Exercise description:
Look through the data below and output, unchanged, every line from the one holding "Luminous Orange Kanchipuram" through the one holding "Aerial view showcasing", inclusive. Skip the pictures.

Records shown:
·····

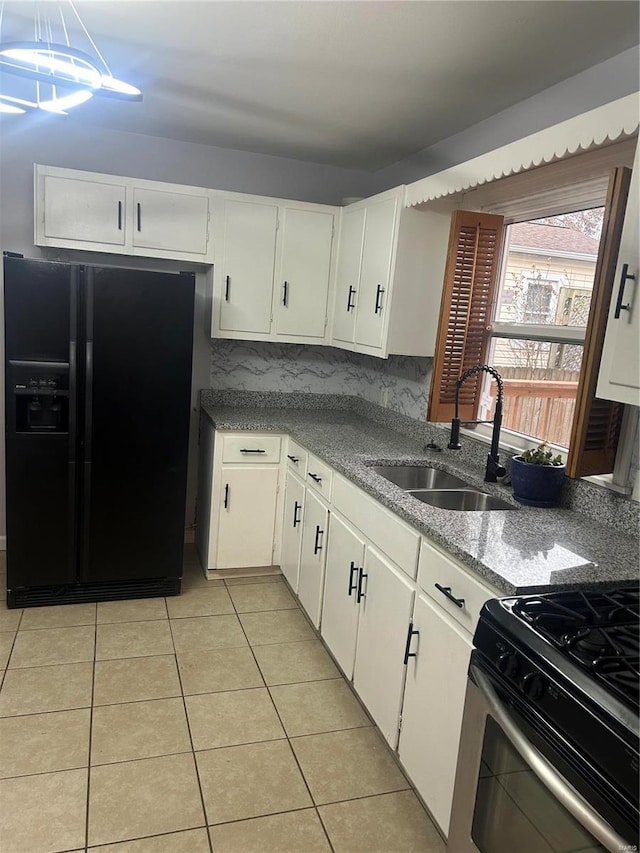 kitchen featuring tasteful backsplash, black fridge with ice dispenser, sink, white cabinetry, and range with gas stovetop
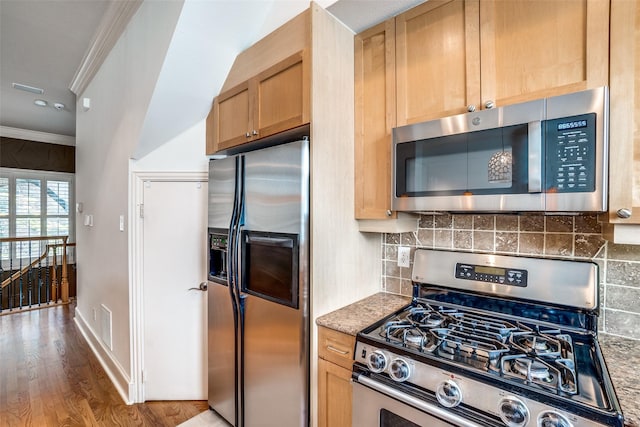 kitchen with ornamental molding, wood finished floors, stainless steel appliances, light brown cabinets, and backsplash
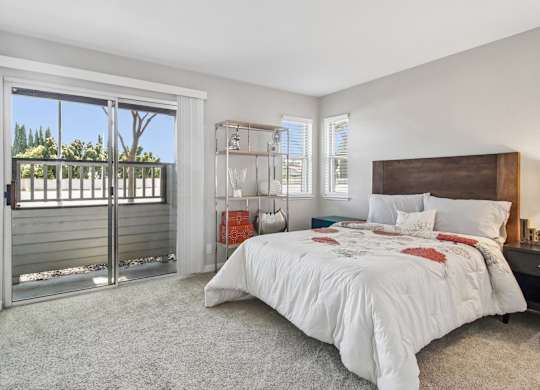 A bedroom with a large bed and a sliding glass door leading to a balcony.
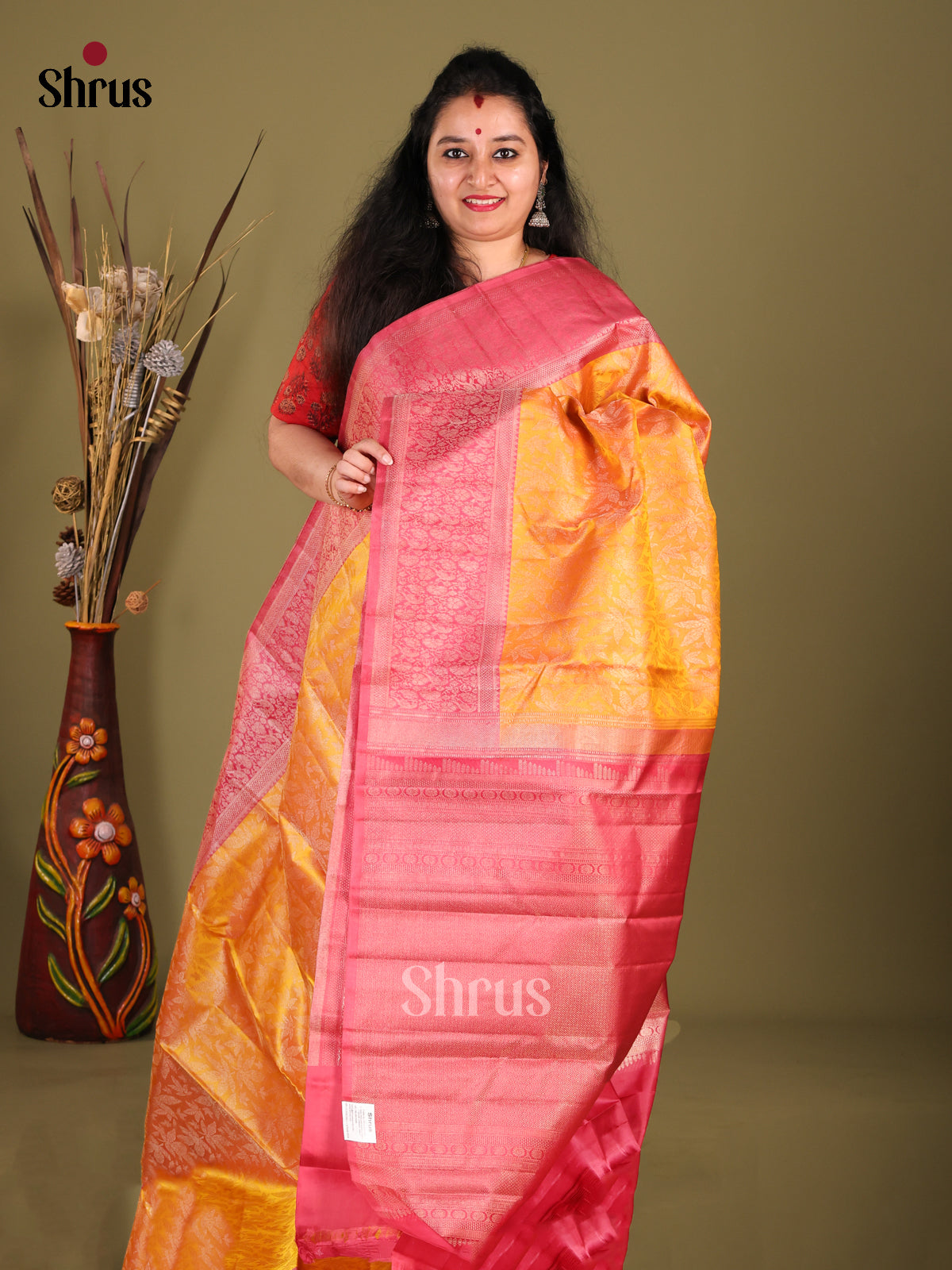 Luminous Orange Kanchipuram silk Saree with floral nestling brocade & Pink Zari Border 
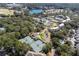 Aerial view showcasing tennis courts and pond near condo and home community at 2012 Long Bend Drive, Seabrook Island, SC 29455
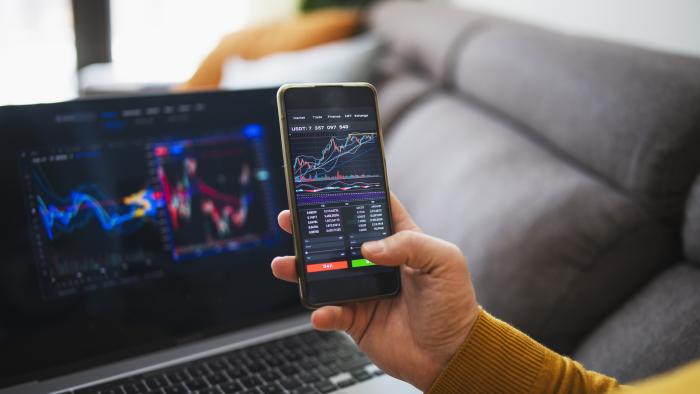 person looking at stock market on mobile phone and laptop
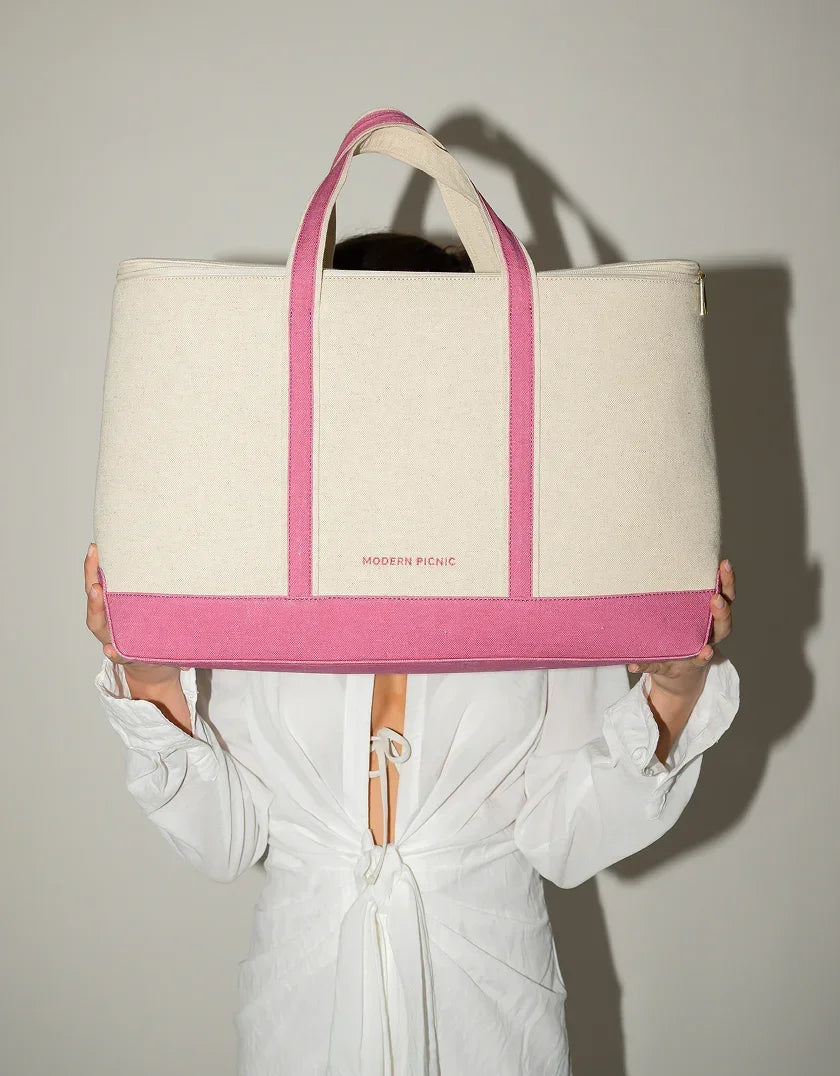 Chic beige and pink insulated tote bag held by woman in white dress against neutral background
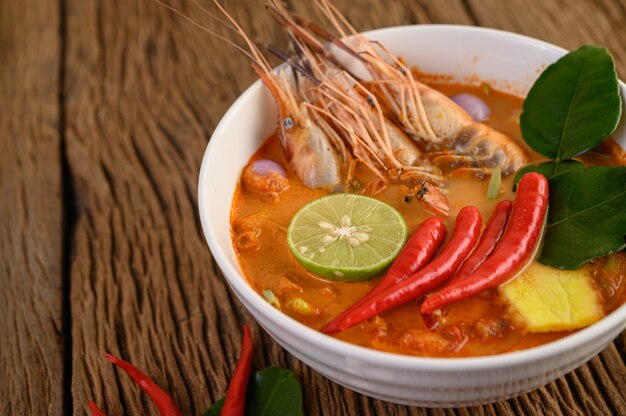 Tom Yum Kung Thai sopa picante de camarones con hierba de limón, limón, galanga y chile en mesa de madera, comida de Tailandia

·····

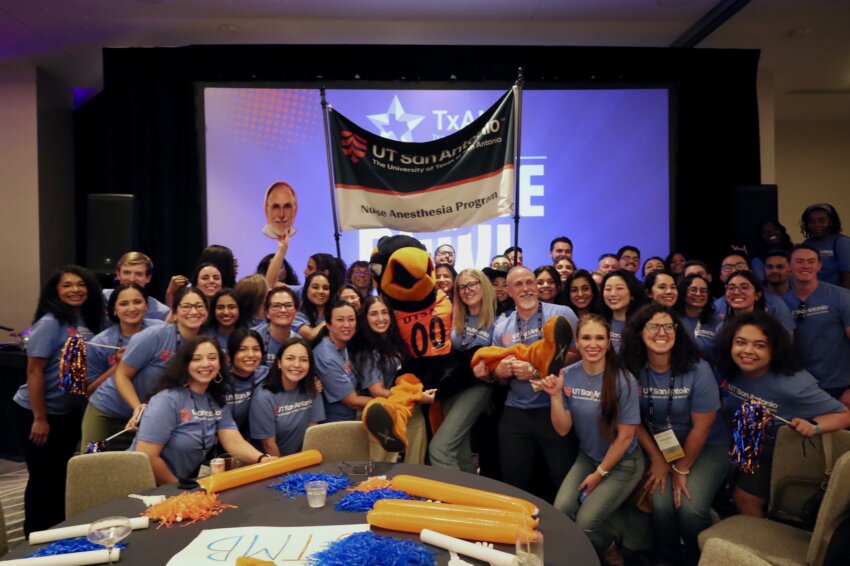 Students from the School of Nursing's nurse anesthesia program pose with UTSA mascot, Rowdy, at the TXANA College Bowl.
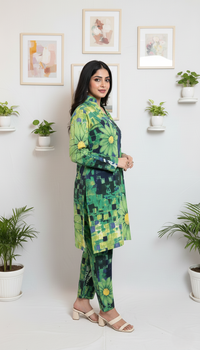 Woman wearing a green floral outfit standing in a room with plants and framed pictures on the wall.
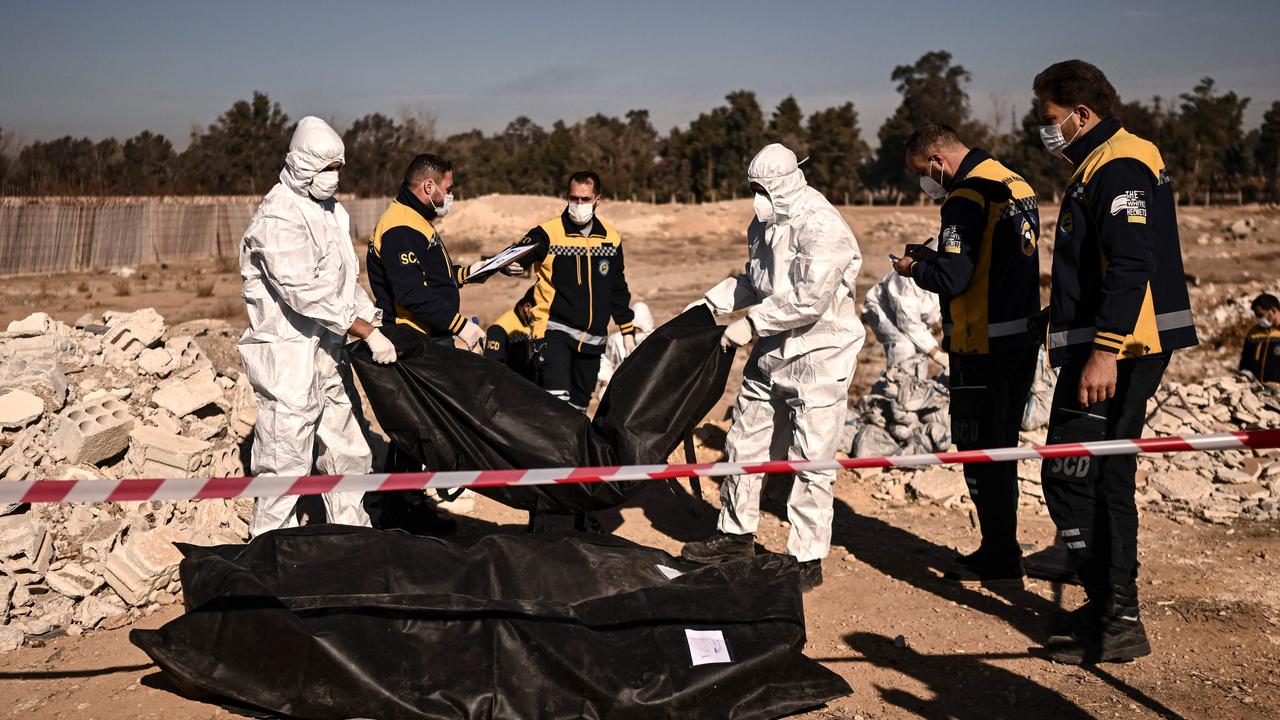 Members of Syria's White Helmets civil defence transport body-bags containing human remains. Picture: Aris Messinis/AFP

·····

Exercise solution:
 Luminous Orange Kanchipuram silk Saree with floral nestling brocade & Pink Zari Border 
 Aerial view showcasing tennis courts and pond near condo and home community at 2012 Long Bend Drive, Seabrook Island, SC 29455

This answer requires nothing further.